ONE SENTENCE SUMMARY:

Microsoft is disabling ActiveX controls in Office 2024 applications to enhance security against malware and unauthorized code execution risks.

MAIN POINTS:

Microsoft will disable ActiveX controls in Office 2024 apps later this month.
ActiveX, introduced in 1996, enabled interactive embedded objects in Office documents.
Word, Excel, PowerPoint, and Visio will block ActiveX entirely without notification.
A “BLOCKED CONTENT” notification will appear upon opening documents with ActiveX controls.
Microsoft advises users against opening unexpected attachments or changing ActiveX settings unnecessarily.
Existing ActiveX objects will remain visible but non-interactive, appearing as static images.
Users can manually enable ActiveX via Trust Center settings, affecting all Office apps simultaneously.
ActiveX controls have historically been exploited for zero-day vulnerabilities and malware infections.
Cybercriminals have previously used ActiveX in Word documents to deploy TrickBot malware and Cobalt Strike.
Disabling ActiveX aligns with Microsoft’s broader strategy to disable legacy Office features prone to exploitation.

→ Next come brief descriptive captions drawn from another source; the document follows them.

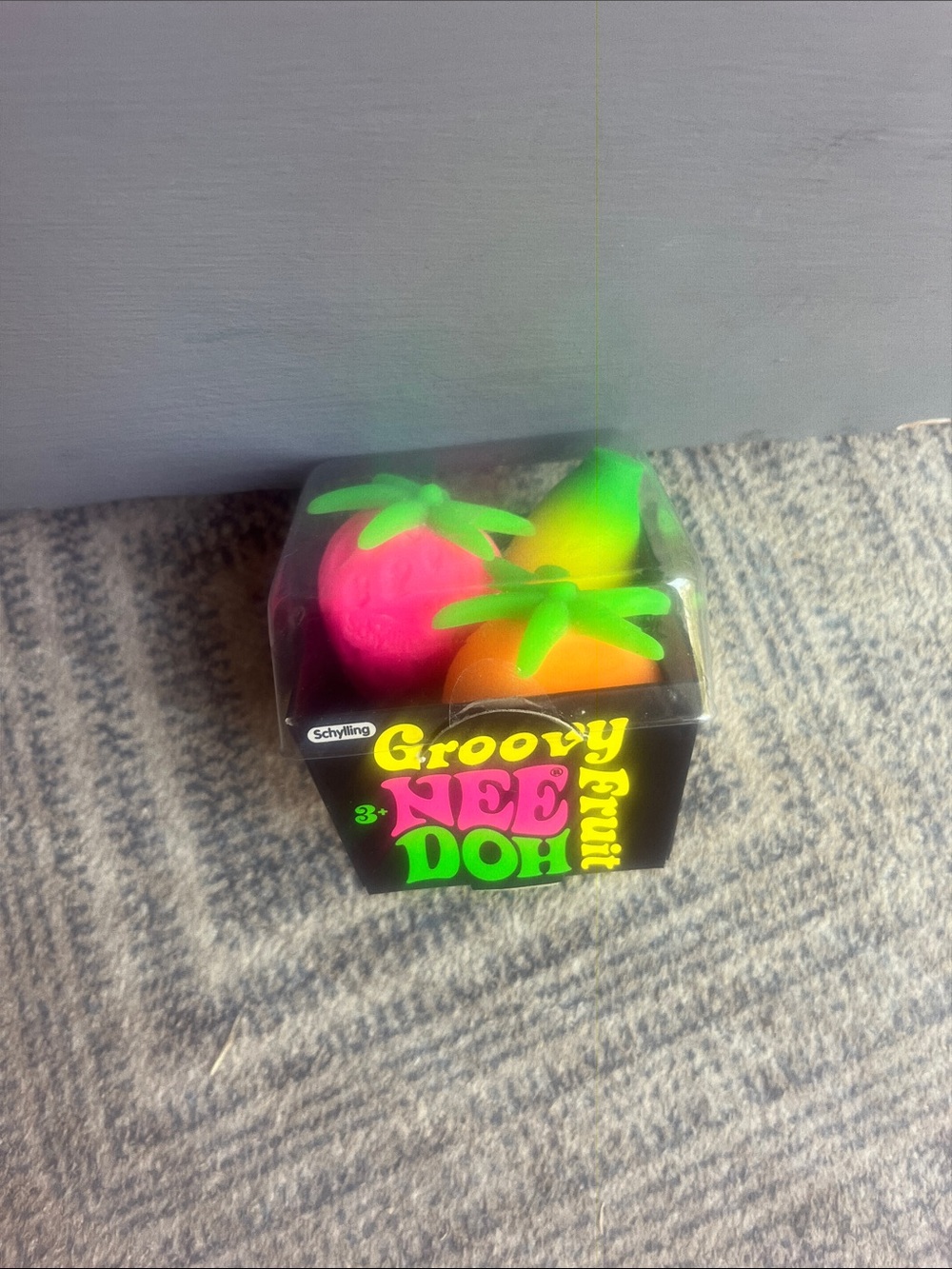 NeeDoh Groovy Fruit Stress Toy Set - Strawberry, orange and banana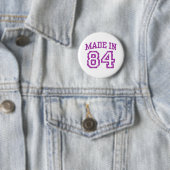 Made in 84 button (Beispiel)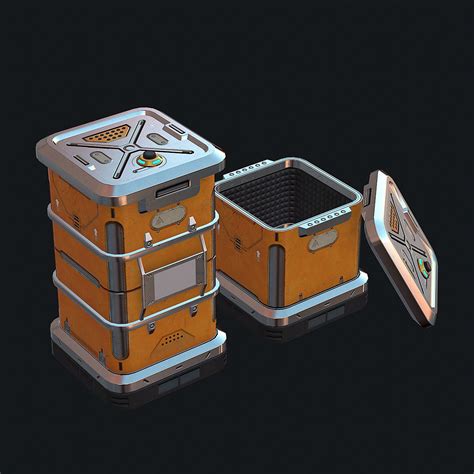 Sci fi Crate with lid 3D Model $25 - .fbx .lwo .lxo .obj - Free3D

Keep ActiveX controls disabled for optimal security unless absolutely necessary.
Be cautious and avoid enabling ActiveX prompted by unknown pop-ups or suspicious attachments.
Consider the security benefits of Microsoft’s ongoing removal of legacy Office vulnerabilities.
Understand that enabling ActiveX via Trust Center settings impacts all Office applications.
Recognize Microsoft’s proactive steps in mitigating malware threats by disabling risky legacy features.